Don’t speak too soon: why the BRC’s prediction of retail job losses may be premature

Earlier this month, a new report from the British Retail Consortium (BRC) warned that as many as 900, 000 retail jobs could be lost by the year 2025.

The reasons? The impact of digital and increasing costs according to the BRC. They argues that as consumers start to shop more and more online, the cost of labour increases and leases come up for renewal, stores will close and as a result, retail jobs will be lost.

The report makes for alarming reading but the reality, I think, is more complex than the picture the BRC paint. FreshMinds conducted a large-scale programme of research designed to explore what consumers want to see on the high street in 2025 and the vision that emerged suggests a more hopeful picture for the future for the high street as well as for the role of retail employees.

Firstly, despite the move towards online, the high street continues play an important role for consumers and is likely to do so in future. Our research told us that two thirds of people currently buy something on their high street and a third do so at least once a week. And when asked to consider the future, only 16% believe the high street won’t be needed in future, suggesting that the BRC’s predictions may be a little premature.

Secondly, when it comes to in-store retail staff, consumers aren’t prepared to bid farewell to customer service advisors just yet. One of the key themes that came out of our research was that one of the key reasons that consumers go to the high street is to seek advice and guidance in-store that you can’t get online. Here, in-store assistants play a crucial role and one that can’t be replicated by technology: nearly 2 in 3 consumers actually worry that without the high-street they will lose face-to-face contact with people. And as one of our respondents put it: “there will always be a need for some staff to be present in store.” So whilst the price of labour may be increasing, this should be perceived by retailers to be a worthwhile investment and one that draws consumers to the high street.

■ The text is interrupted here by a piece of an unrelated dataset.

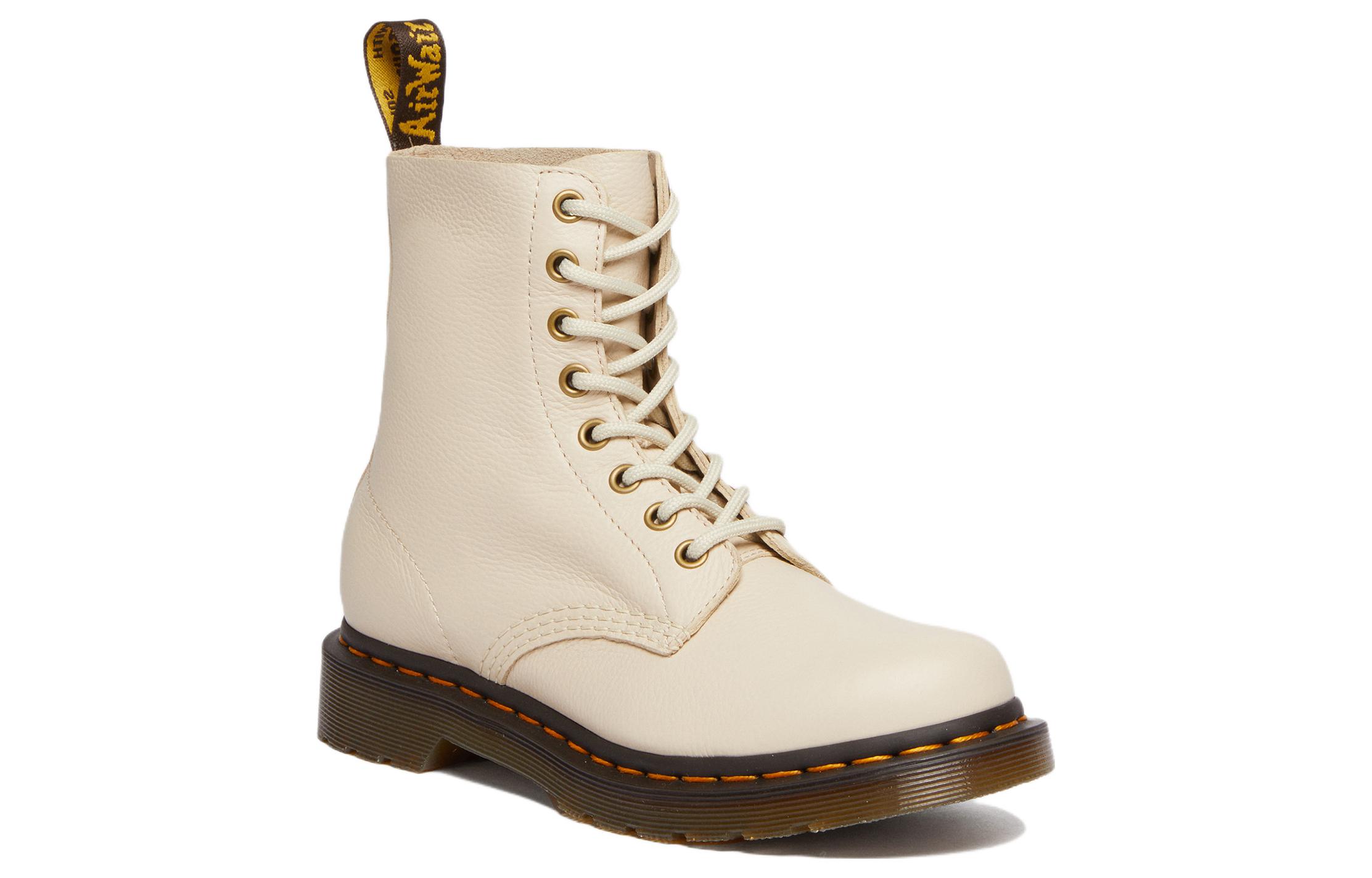 Dr. Martens Dr.Martens 1460 Pascal Virginia Leather Boots 'Parchment Beige' Women's купить в интернет-магазине Yoocart с быстрой доставкой по России.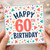 60th Birthday Card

Technology is changing the way we shop and it is moving some consumers in particular categories online. And it’s changing the way we shop in-store too – that can’t be denied. But interestingly, we found that where consumers really value technology in-store is where it helps them to overcome pain points in the shopper journey.

The more these pain points are overcome, the more we might actually see an increase in traffic to bricks and mortar stores. And with it, a desire to see staff who can play a more active role advising and guiding shoppers. So I’d argue that it’s not time to say goodbye to retail jobs any time soon.